Haven't seen my neighbor and the dogs again. I did appreciate the suggestions. Of course, the best one was to pray for him. The second best was from the person who told me if I carried spray, turn it the right way.

By the way, we are drinking Taste of Abilene coffee. Good call from those of you who suggested it. And Marsha is trying some of those "liven it up" suggestions for her coffee.
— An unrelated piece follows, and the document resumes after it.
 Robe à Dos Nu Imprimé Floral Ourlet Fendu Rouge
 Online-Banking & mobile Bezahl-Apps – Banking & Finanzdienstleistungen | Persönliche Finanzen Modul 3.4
Got to take my grandson Jake to the zoo the other day. What a hoot (and not just the owls). Boy does he love life, as does my granddaughter Anna. Wonder where they get it. I sure do enjoy hanging out with them.

Tuesday, June 05, 2007

 

Advice needed...

He walks in our neighborhood between 5 and 6 in the morning and he lets his two dogs run loose. About a month ago, the little dog ran at Marsha from behind. After I ran his dog back, I told the man he needed to put his dogs on a leash. He never said anything. About two weeks ago I saw him again with the dogs still loose. The little one ran at me, I ran him back and said "you really need to put your dogs on a leash. It is against the law to let them run loose." He did not reply. This morning I saw them again. I asked if the little dog running loose was his and he said he didn't know, he couldn't see it. OK, maybe it's not. It's dark, and I can't see well. But then that little dog ran at our little dog, Jaxon, who I had on the leash. The man starts yelling at the dog to come back. So I tell him he has to leash those dogs or I will have to report him. He begins to yell at me...scream at me. So I reply that what he is doing is illegal. He pulls out a flashlight, shakes it at me and asked if I want to "get it on". I first laughed, then I said I would have to call the police, then I walked away with him still shouting and threatening me. So what do I do?
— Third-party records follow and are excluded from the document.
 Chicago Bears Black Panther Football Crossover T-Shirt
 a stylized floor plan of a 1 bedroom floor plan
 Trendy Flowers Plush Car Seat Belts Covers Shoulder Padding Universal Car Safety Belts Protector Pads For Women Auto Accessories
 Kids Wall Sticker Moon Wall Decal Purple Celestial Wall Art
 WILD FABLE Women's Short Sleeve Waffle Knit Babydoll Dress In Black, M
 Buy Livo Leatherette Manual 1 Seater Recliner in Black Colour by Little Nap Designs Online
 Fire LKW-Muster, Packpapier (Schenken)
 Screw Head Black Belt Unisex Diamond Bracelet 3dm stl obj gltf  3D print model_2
The John Wayne fans would say whip him and the dogs. Some would say stay home and don't walk early in the morning because he is a nut case and may use a gun on me. I thought about offering him a Bible study after pointing out that he is clearly not a Christian.

I am thinking maybe I should try for a different route in the neighborhood so not to encounter him. Maybe I should call the police and the pound because I think I have some obligation to my neighbors to make our neighborhood safe.

So what would Jesus do? That is the most important question. So I am asking for advice...what should I do?